IF U R LEVING ME LONG AZZ REVEIWS ON Y I RUNED UR LIFE DEN SORRI GET DA FUKK OVA IT. i am gong 2 keep makin chaptas** No, please no! Have mercy!** n if u report me den ur a lozer, ill just make a new accont.** Aaaand, we'll just report that one too** NEWAYZ FANX** Is this some kind of variation on the "fangs" Tara used?** 2 DA PPL HU GAVE ME GOOD REVEIWS AGEN U GUYZ KEEP ME GOING. PLZ ENJOY CHAPTA 5.

CHAPTER 5

We didnt no whut 2 do wif all da blood from bobby brown so every1 just drank it off da floor.** Ew, gross. Did you lick it off the floor? Or use straws or something?** We had weding gamez n shit and jacob left cuz he waz angri at us 4 some resason.** YOU JUST KILLED HIS DAD! AND YOU DIDN'T EVEN SAY SORRY! AND THEN YOU'VE GOT THE AUDACITY TO SAY YOU DON'T KNOW WHY HE'S ANGRY?! Sorry about that. Just couldn't control myself** We playd spin da bottle n GErard had 2 kiss ed. (a/n lol bi guyz r sooo hot)** RANDOM! Seriously, wish you'd stop doing that** i waznt jelous cuz dey r both guyz.** So? As you said before, they could be bisexual. Which means you should be very jealous** But Emetr was deprezzed becuz Gerord is his bf. We listened 2 Green day and he got cheered up.

I was gong 2 sleep dat nite when i got posesesd by Saten.** Err… Okay? I think…** But it was ok cuz were friendz n he just doez dat sometimes as a joke.** I spit out my breakfast. Again.

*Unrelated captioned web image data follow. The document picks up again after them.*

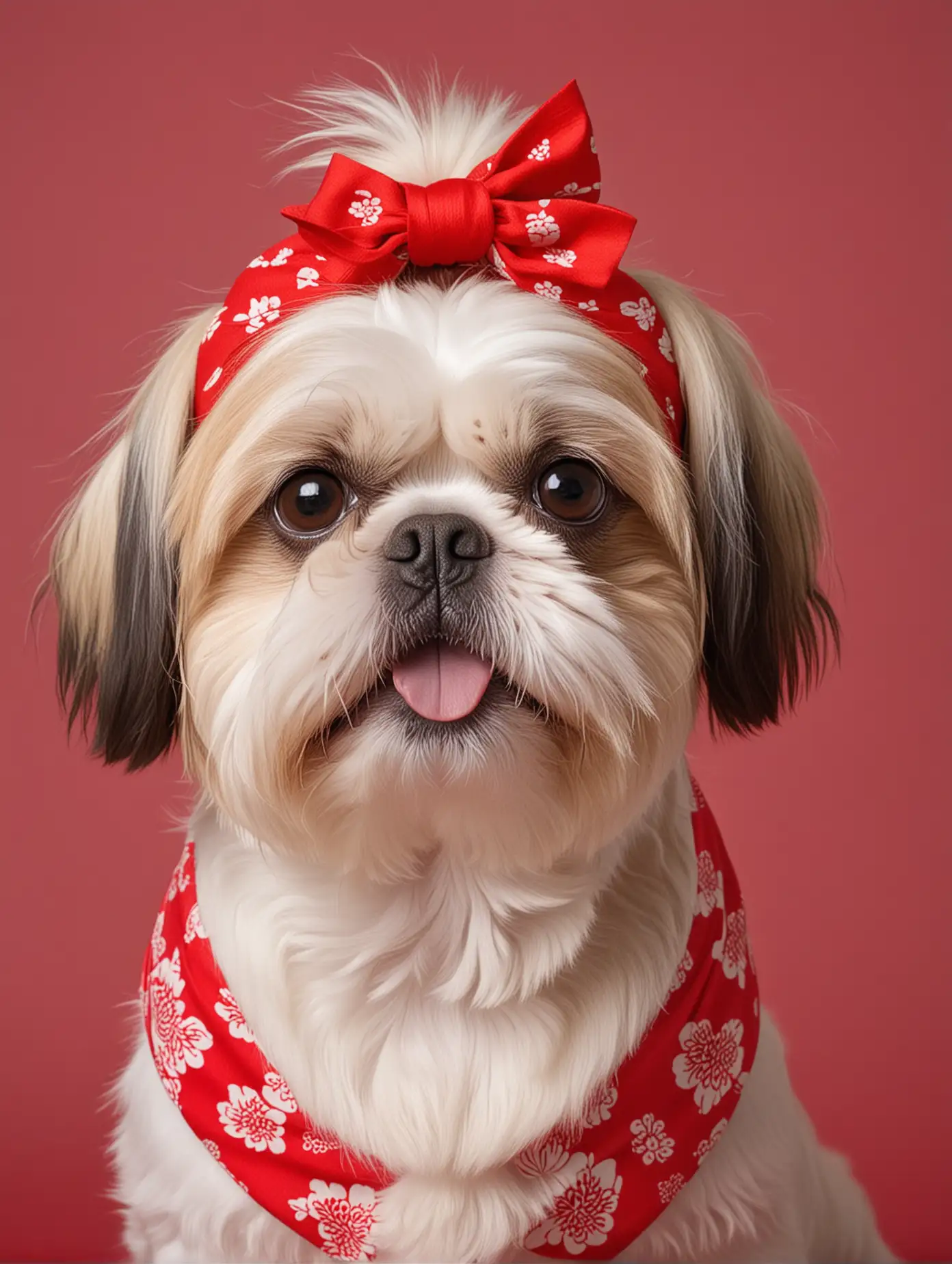 poster of photograph of a shih tzu wearing red Japanese headband with a red background colour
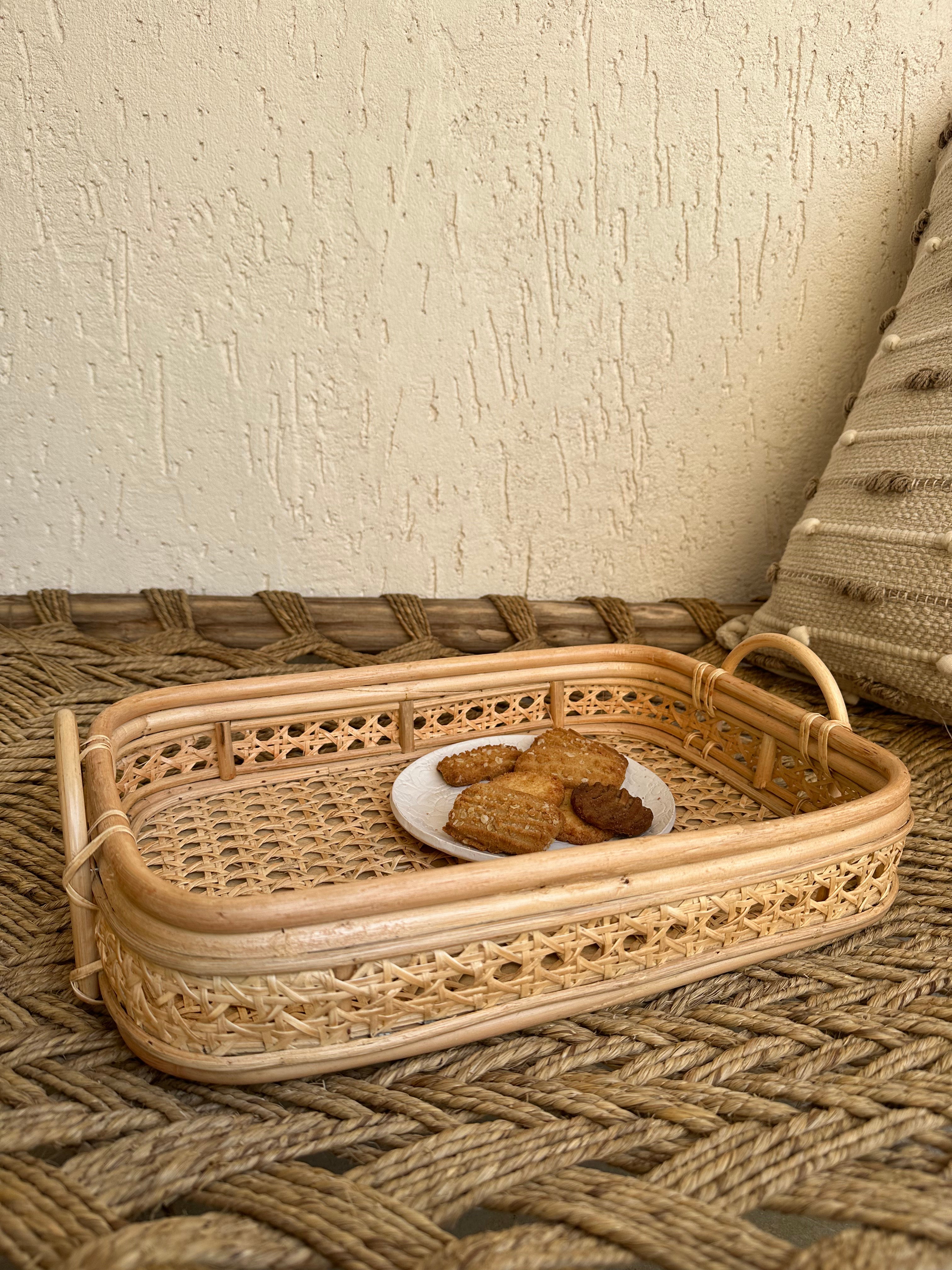 Designer Rattan Cut Work Tray With Handle - Main Image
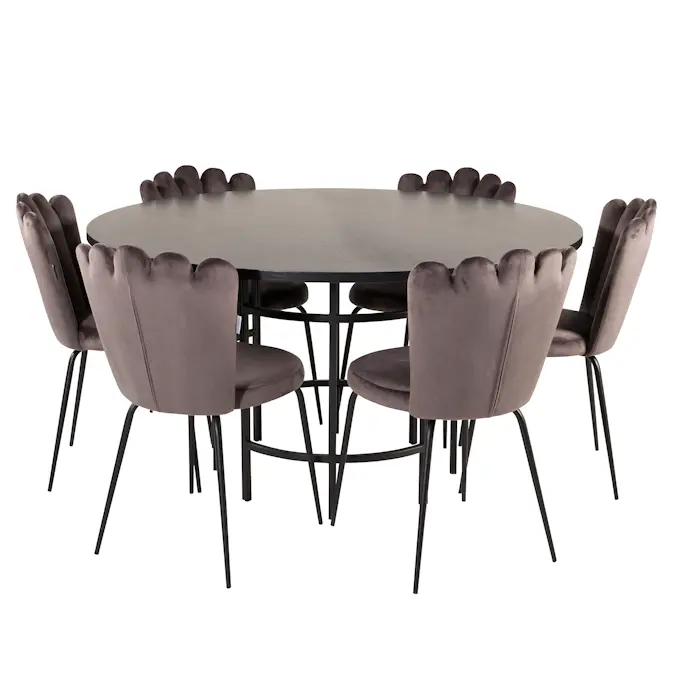 Spisegruppe furniture/fashion Copenhagen med 6 Grå Limhamn Light Stoler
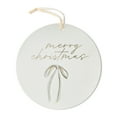 thumbnail image 1 of Stoneware Merry Christmas Hanging Decoration, White, 10", by My Texas House, 1 of 5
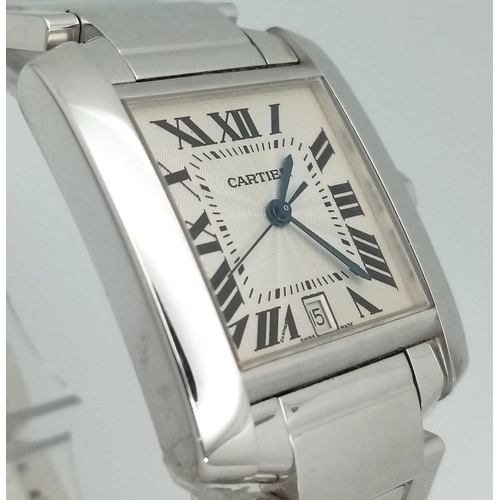 130 - An 18K White Gold Cartier Francaise Tank Automatic Gents Watch. 18k gold bracelet and case - 28mm wi... 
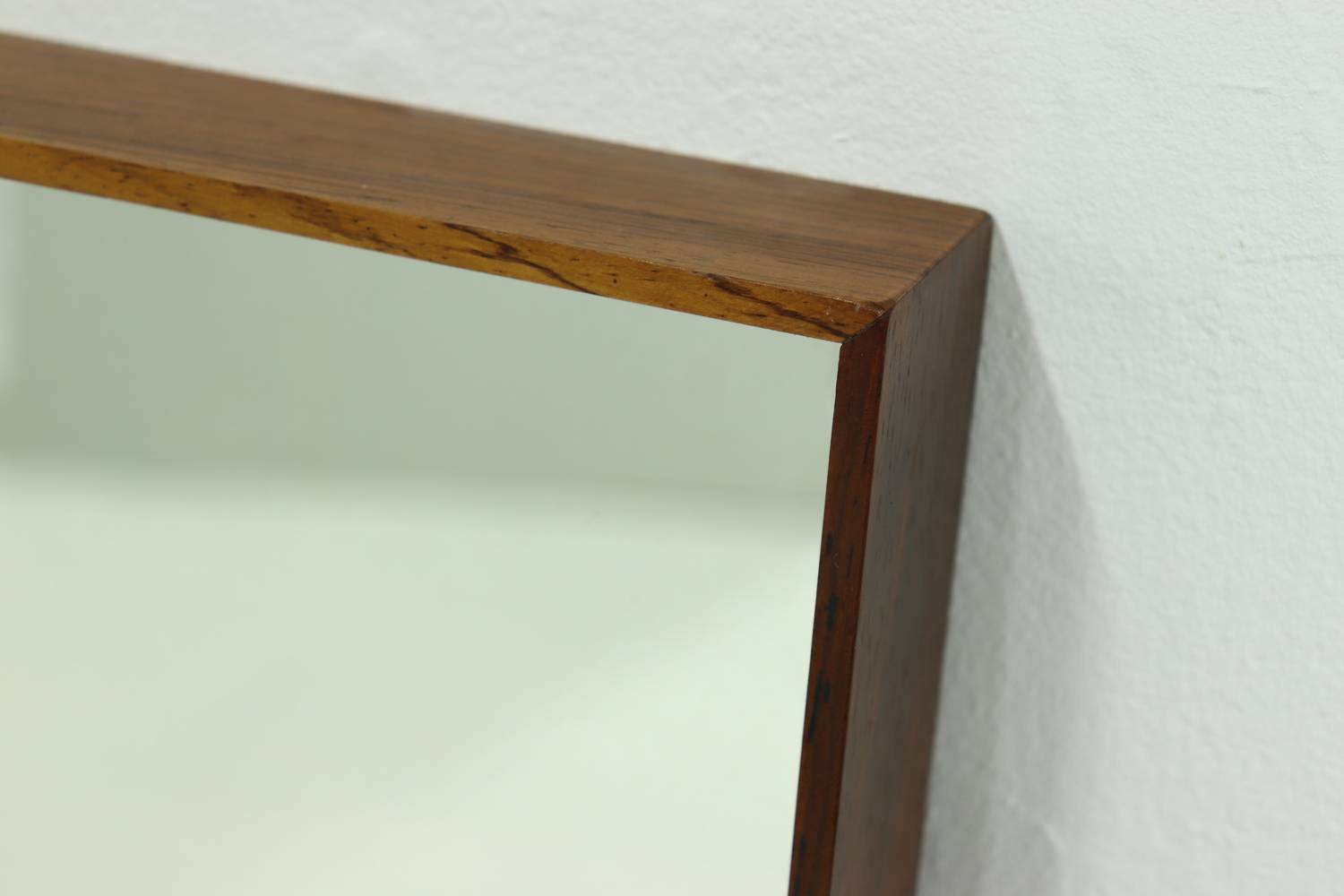 Large Scandinavian Rectangular Rosewood Mirror 1960s image 8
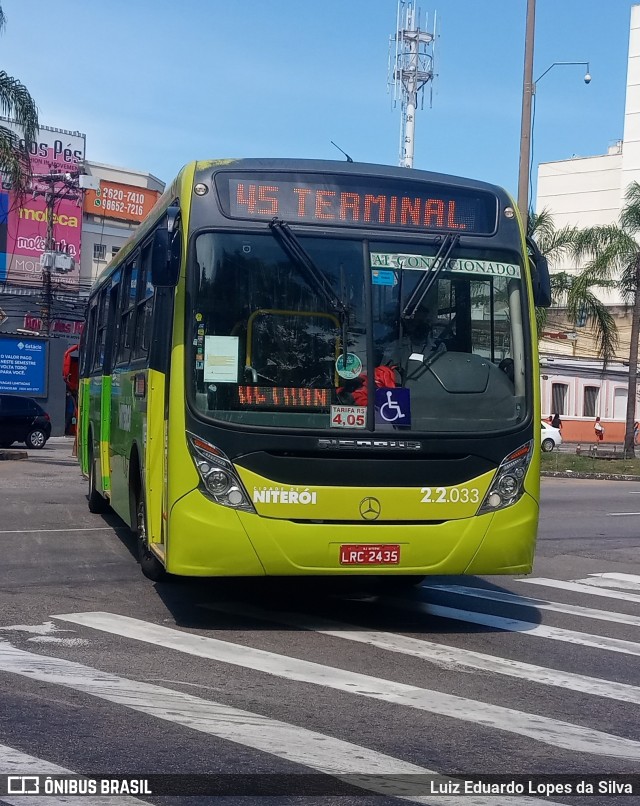 Santo Antônio Transportes Niterói 2.2.033 na cidade de Niterói, Rio de Janeiro, Brasil, por Luiz Eduardo Lopes da Silva. ID da foto: 8746164.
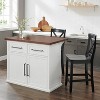 Crosley 42" Bartlett Wood Top Kitchen Island with X-Back Stools White/Black: Farmhouse Style, Adjustable Shelves - 2 of 4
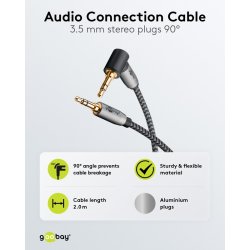 Jack kabel 3.5mm han/han 90� 2.0m stereo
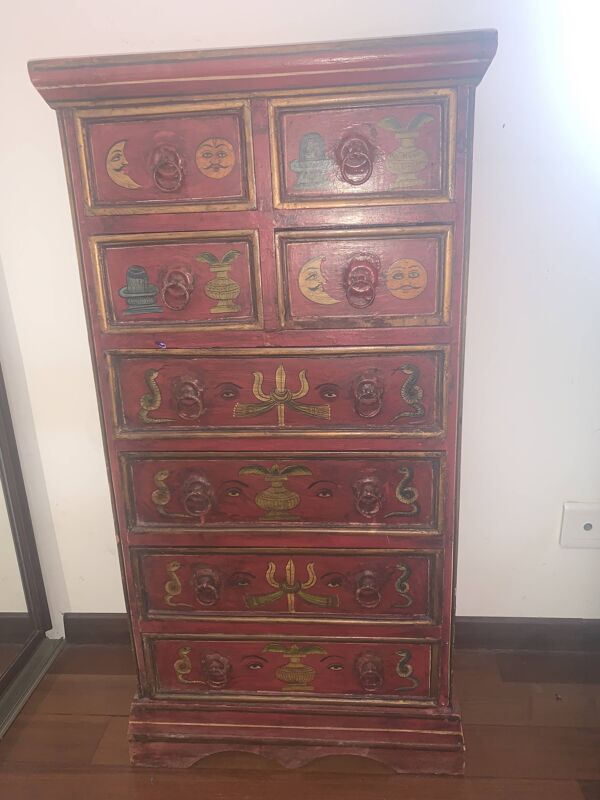 Petit Meuble indien ancien peint à la main – semainier / chiffonnier à 10 t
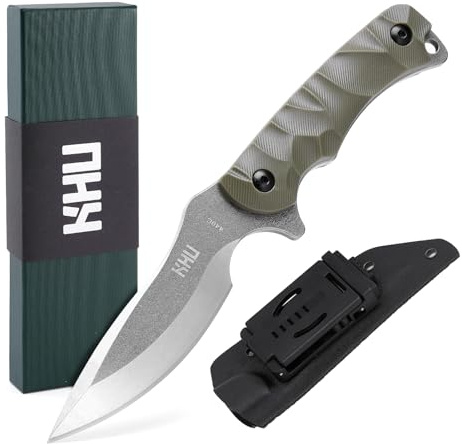 KHU Outdoor Messer Feststehende Klinge Survival Messer Jagdmesser Bushcraft Camping Messer - 440C Stahl, Nylon-Kunststoff Griff - Outdoor Jagd Camping Wandern - Mit Kydex Scheide - 28A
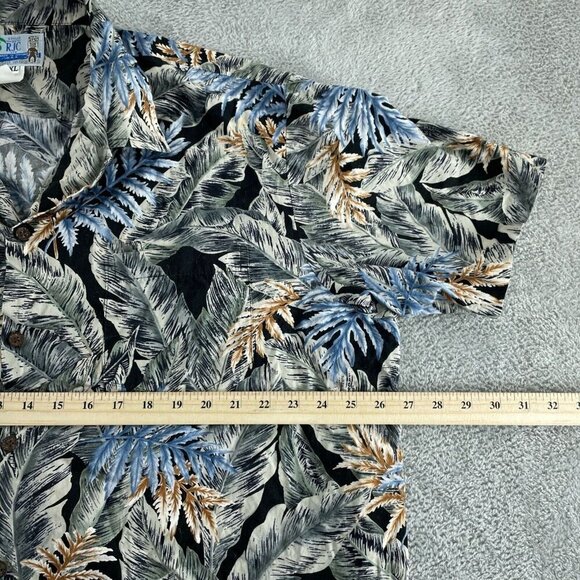 RJC Mens Hawaiian Shirt 2XL Black & Blue Tropical  Short Sleeve Button-Up 1067 - Picture 4 of 7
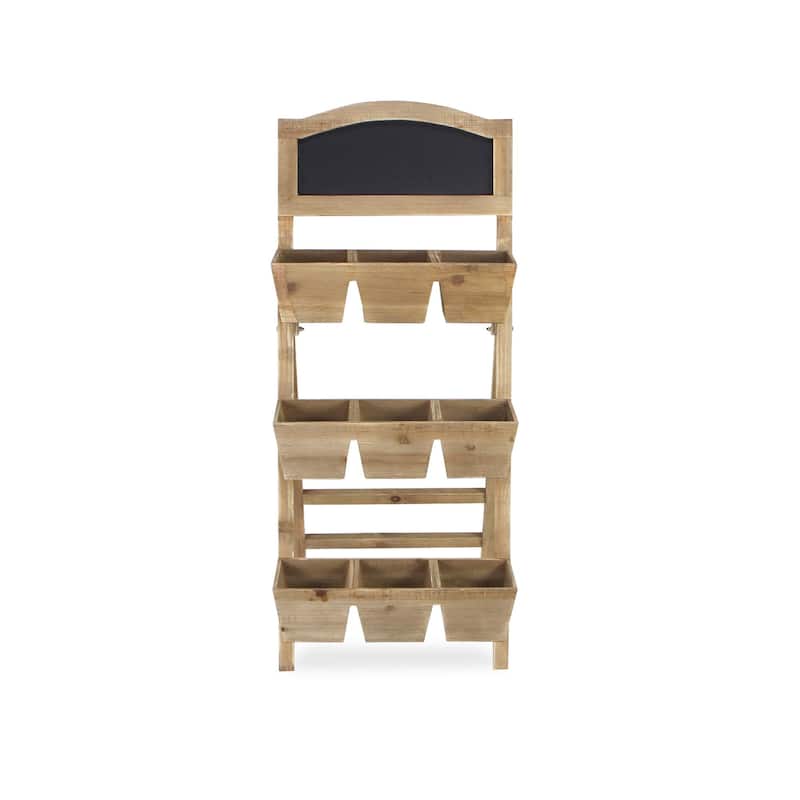 40" Brown and Black Potted Stand with Chalkboard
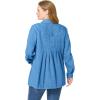 Woman Within Plus Size Pleat-Back Denim Jacket Long Oversized Jean Coat(Light Stonewash)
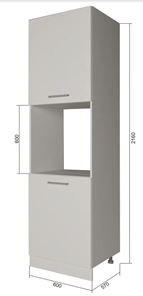 Кухонный шкаф-пенал П7 2, МДФ Софт бирюза/Белый в Саратове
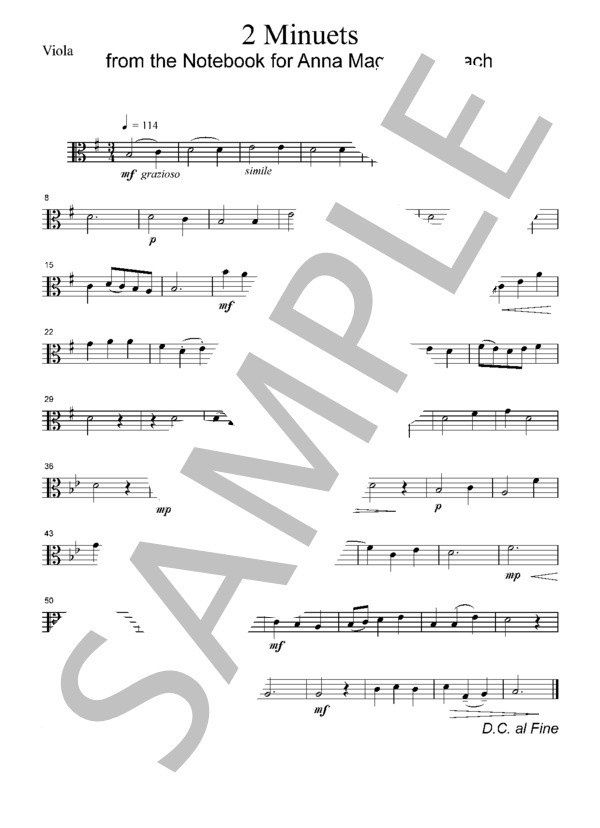  「アンナ・マグダレーナのための音楽帳」より2つのメヌエット (ヨハン・セバスチャン・バッハ) / ヴァイオリン 初〜中級 - サンプル譜面 3/5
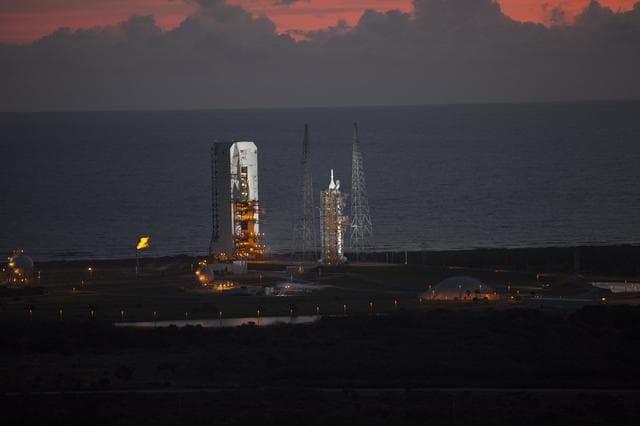 NASA image: Aerials of Orion on Launch Pad 37 from Helicopter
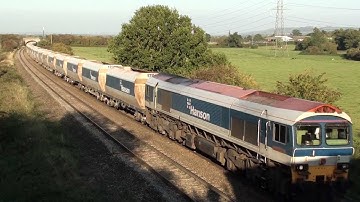 Mendip Rail Class 59 with empty Hanson Hoppers at Berkley Marsh 29.09.11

That's not a good thing, Twila** I asked him wat he wanted n he told me 2 kill Rosemarie. **Who's that?**

"What y?" I new dat Ed would be angey if i killed his sister. **Nonono, I think you got it all messed up, Eddy's sister's name is Rosalie, not Rosemarie** "Becoz she is a blond prepp" sed satan suicidelly. **Yeah, because that reason is always good enough **So I went 2 der house in da dark n i knew wich was rosalyns room becuz da door was pink with pompomz hanging from it n a poster of Holary Duff.** Allright, that's just not nice, Twila** I broke down da door but inside waz... EDWIRD! **The Horror is back, guys!**

"WTF IS GOING ON U ASSHOLE" i scremed "DIS IS UR ROOM?" "NO LET ME FUKKING EXPLAN" he began to cry. Den i saw... ROSA WAS ON TOP OF HIM! **Who's Rosa?**

"EW WTF U BUSTARD DATS UR SISTER!1"** No, Rosalie is his sister** i exploded. I transofmed n began to tear da room apart n ripped all da preppy posters down.** Oooooh, now I'm scared. Feel better now?** I jumped at Rosalien n bit her neck nd she started having a sezure. Then she ran around nd died. **But she'll just come back to life, so what use did it have?** Ed kept crying.

"Dis is disgusting" i said wif disgust. **Yes, you just said it was disgusting** "I cant beleve it, u nd Rose." "Just listen ok" he pleased. "I culdnt c in da dark, I thought she was you." **Best excuse EVER!**

"Yea rite like I beleve dat. We're getting a devorce!" I waz so pissed. But den Edward got on his knes n sang **No. No. No. NOOOOOO! **"If u mary me, will u bury me, will u carry me 2 da end?" Nd I remembad da promise we had mad ova dat song when we got marred. We sed we wuld alwayz b der 4 each odder.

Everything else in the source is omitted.